Unfortunately no camera are permitted but you can get an idea of some of the objects here

Just around the corner is the British Embassy compound which is in the process of opening having being closed for a few years due to safety concerns. The Iranians really know how to stick two fingers to the British and have named one of the streets bounding the compound as Bobby Sands Street.


The British – aggrieved by the implication that they would need to change their letterhead to have address with Bobby Sands in it blocked up that entrance and knocked an new entrance on the other side of the compound.

Apparently there is a burger joint called Bobby Sands which for a hunger striker memorial is a bit dark.

Former US Embassy

Nearby is the old US Embassy – now known as the ‘US Den Of Espionage’. It was from here that the coup to restore the Shah was plotted by the CIA and also the site of the storming in 1979 by student revolutionaries and the capture of US hostages. Tours are only possible once a month but the compound has plenty of propaganda murals for the curious tourist


Murals on the former US Embassy



The Embassy was stormed after the revolution

While I was taking photos people would spontaneously come up to me in the street and ask where I was from and welcome me to Iran which was ironic standing in front of a ‘Down With USA’ mural. A man in the Jewel museum even gave me his number in case he and his friends would be skiing in Dizin at the same time as me.

People have been very open and warm, perhaps curious as there appear to be very few tourists here at all.

Tehran Bazaar

Getting to the Tehran Bazaar, the largest market in the country, early is advised before it all becomes hectic. With around 10km of maze like alleys one quickly becomes lost which is part of the fun. There are various sections (clothes, nuts, spices, carpets, etc.).

Being in Persia I sought out the carpet section where each stall appeared to have their most intricate and beautiful carpet hung on the back wall as an advertisement. Some of the intricate pieces are really works of art and I’m sure have a price tag to match.


With sanctions preventing credit card payments directly all manner of roundabout ways via intermediaries in Dubai are set up to allow tourists to buy without a brick of notes – they can even arrange a cash advance a part of the deal, nothing if not resourceful!

Golestan Palace

Ten minutes away from the Bazaar is the Golestan Palace which was a royal palace and location for the coronations of the last two Shahs.

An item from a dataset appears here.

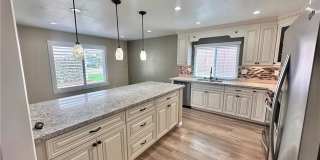 27686 Via Turina Gallery 9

Ornate painted tiling everywhere

Inside the main halls are the most opulent hall of mirrors with gleaming crystal everywhere including the dome and multiple reception rooms.

Intriguingly though the style of these borrows heavily from European style (e.g. French) with a few local touches – quite different from, say, the Ottoman palace in Istanbul. The building of multiple buildings, it was noted, was after visits to Europe by the rulers.


Picasso Effect

Azari Teahouse

Getting down to the Azari Teahouse on the metro was a confusing process as the metro map shows intersections between lines which don’t exist – possibly the map is aspirational! Some trudging to other stations had me back on track down south near Tehran rail station.


Lost In Translation!

Inside groups of men or families sat out on carpets and ate dizi stew. I went with the crowd and had the set lunch of aubergine and chick stew but had no idea how to eat it when it arrived!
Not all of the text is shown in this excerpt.